PROBLEM ▸
Make a verbatim copy of the records; pictures stay out.

--------------------

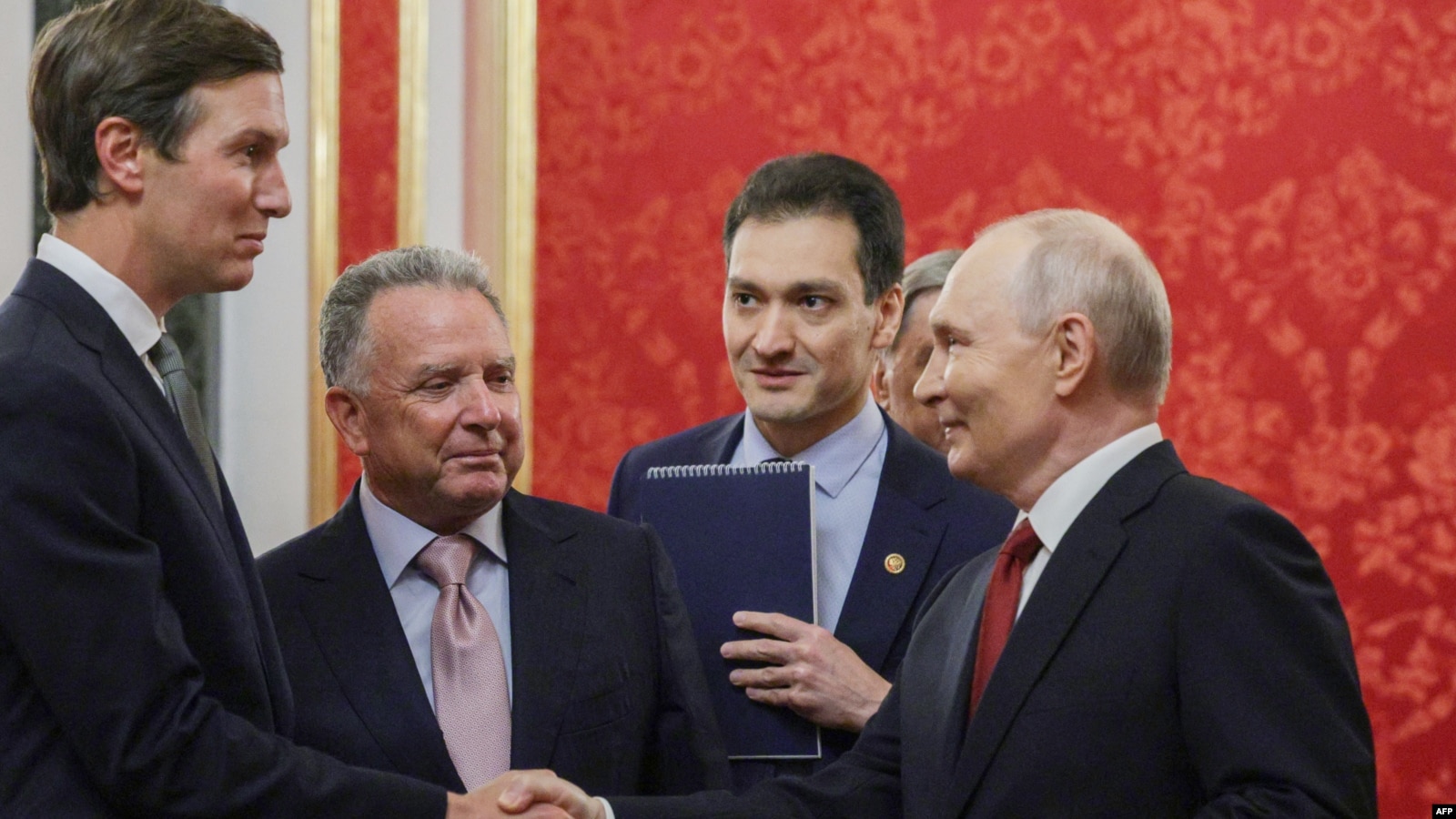 US Envoys Conclude Moscow Meeting With Putin As Kremlin Cites 'Difficult Situation'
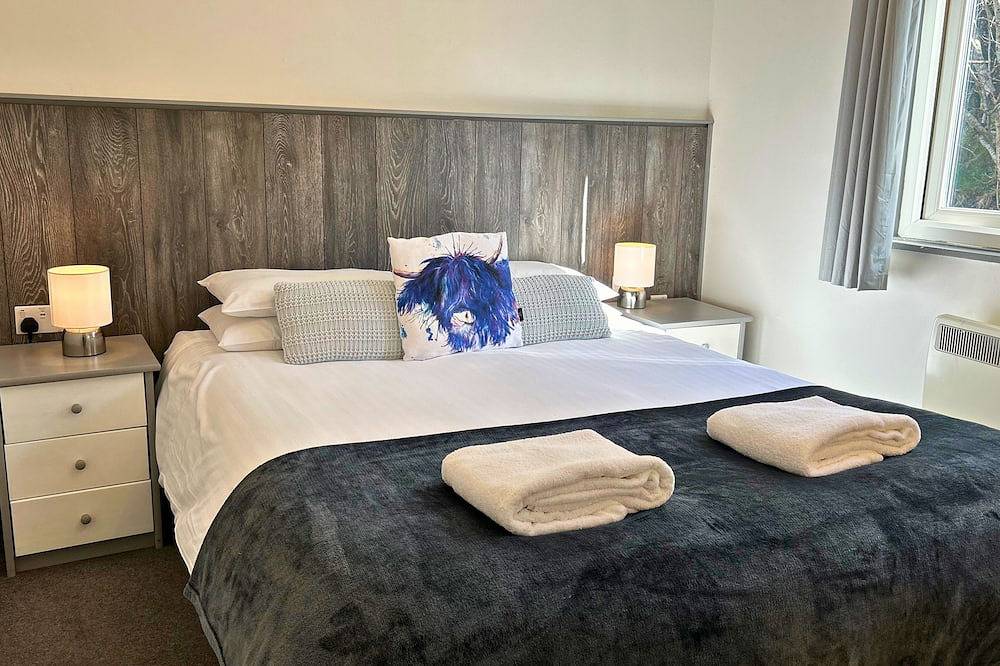 Jura -  a chalet that sleeps 4 guests  in 2 bedrooms in Oban, Loch Linnhe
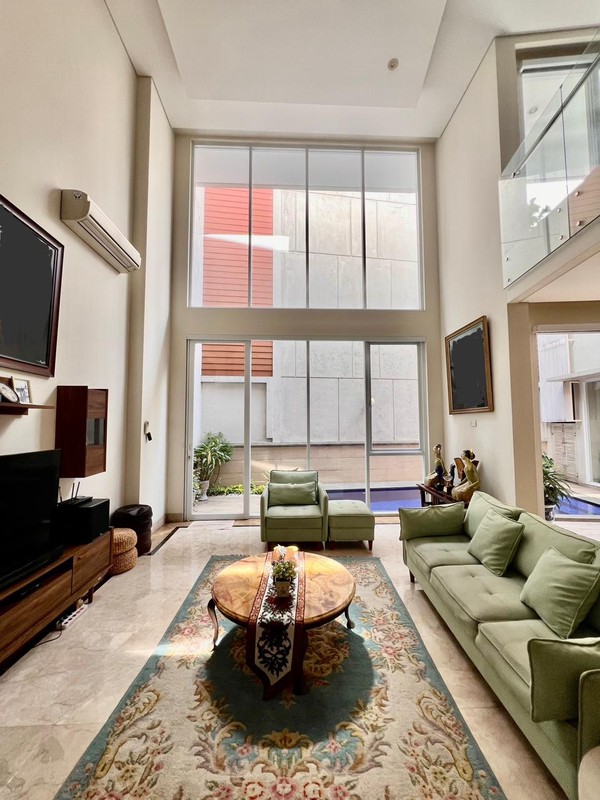 Rumah Dengan Kolam Renang, Lokasi Strategis di Pondok Indah, Jakarta Selatan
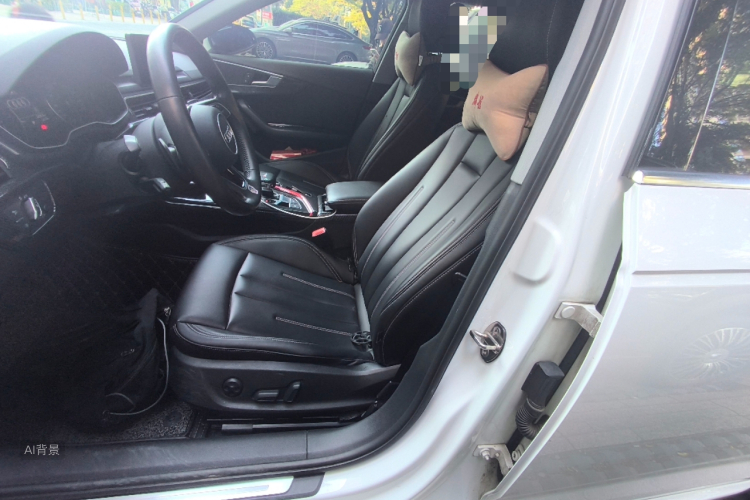 Audi A4L 2019 car image #17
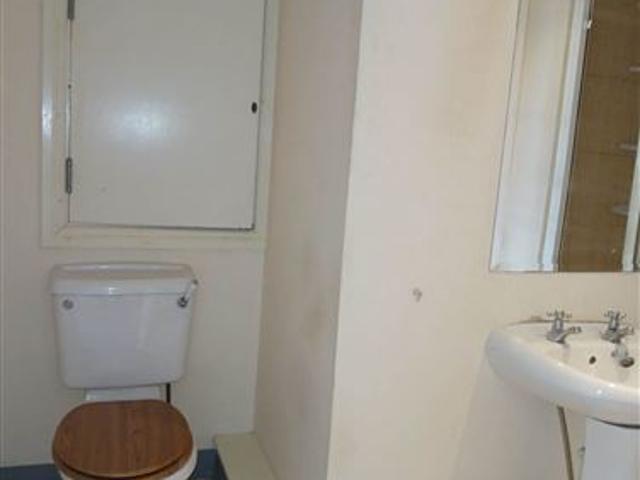 220,000 | 11 Carnagh House, Ard Ri, Athlone, County Westmeath Property Partners Moore Larkin 5008 MyHome. Ie Residential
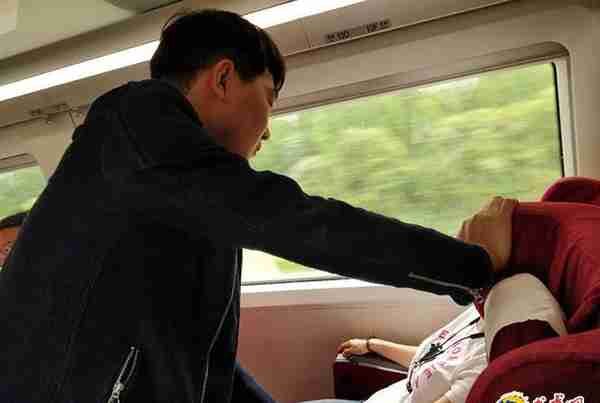 女乘客高铁上突发急症 南京好医生紧急救人化险为夷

--------------------

THE COMPLETED TASK ▸
 US Envoys Conclude Moscow Meeting With Putin As Kremlin Cites 'Difficult Situation'
 Jura -  a chalet that sleeps 4 guests  in 2 bedrooms in Oban, Loch Linnhe
 Rumah Dengan Kolam Renang, Lokasi Strategis di Pondok Indah, Jakarta Selatan
 Audi A4L 2019 car image #17
 220,000 | 11 Carnagh House, Ard Ri, Athlone, County Westmeath Property Partners Moore Larkin 5008 MyHome. Ie Residential
 女乘客高铁上突发急症 南京好医生紧急救人化险为夷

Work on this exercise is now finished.